On Oct. 29th, Georgia—a country that sits at the intersection of Western Asia and Eastern Europe—experienced the largest cyber attack in its history. During this cyber attack, 15,000 websites were taken down. The majority of affected websites included local newspapers, government agencies, banks, and courts.

A local web hosting provider called Pro Service has officially taken blame for the breach, admitting that its servers were the cause of a successful network breach that resulted in a massive country-wide outage. Although roughly half of websites were restored by the end of the day, it caused quite a stir in Georgia.

Pro Service experienced a digital vandalism “website defacement” attack, where original content is replaced by the hacker’s content. Mass defacement involves the overhaul of a large cluster of sites that sit on the same server.

Typically, hackers with strong opinions or politically motivated goals use a SQL injection to deface a website. Most often, the offenders are extremist hackers against government agencies, big corporations, or religious organizations. The hacker’s intent is to get their own point across and/or ostracize the targeted site(s) from their followers or customers.

This is precisely what happened in Georgia. Attackers showed an image of the country’s former president, Mikheil Saakashvili, overlaid with the text, “I’ll be back.”

Saakashvili was well-received in the country, and served two consecutive terms from 2004 to 2013. He took a pro-West political approach, and is currently wanted by new Georgian government for criminal charges that Saakashvili believes are politically driven and unjust. After leaving Georgia, he was granted citizenship in the Ukraine, where we went on to serve as governor.

Avoiding a breach crisis isn’t just about choosing the right hosting provider. Moving forward, we hosting providers and business owners will likely employ tighter security measures. This level of security begins in the development phase—the foundation for all websites. The technology that programmers use around the world is responding to growing digital threats that take a preventative approach against hacking.

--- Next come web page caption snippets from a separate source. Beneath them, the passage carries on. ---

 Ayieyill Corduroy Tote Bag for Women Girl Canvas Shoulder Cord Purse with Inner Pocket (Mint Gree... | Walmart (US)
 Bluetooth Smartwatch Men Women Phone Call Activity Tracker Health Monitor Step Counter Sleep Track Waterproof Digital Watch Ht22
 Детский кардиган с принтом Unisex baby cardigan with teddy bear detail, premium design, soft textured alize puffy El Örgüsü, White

For example, Docker (a tool that allows developers to create, deploy, and run versatile software applications) recently announced the release of a two-factor authentication that would result in less vector attacks. Docker also allows for various system unifications, like Docker registry integration by jFrog, that make vulnerability analysis a feasible goal.

The mass attack on Georgian websites barely scratches the surface on what’s happening with data privacy and site security today. According to Cybergates.org, in 2017, nearly 830,000 .com domains experienced website defacement. In the hacking community, there are even contests to determine who can deface the most websites.

And that’s not all. Another study from Panda Security found that nearly 230,000 new malware samples are being launched every day. Furthermore, 27% of all malware that has ever existed was released in 2015 alone. The cost of cybercrime damage is expected to reach $6 trillion by the end of 2021.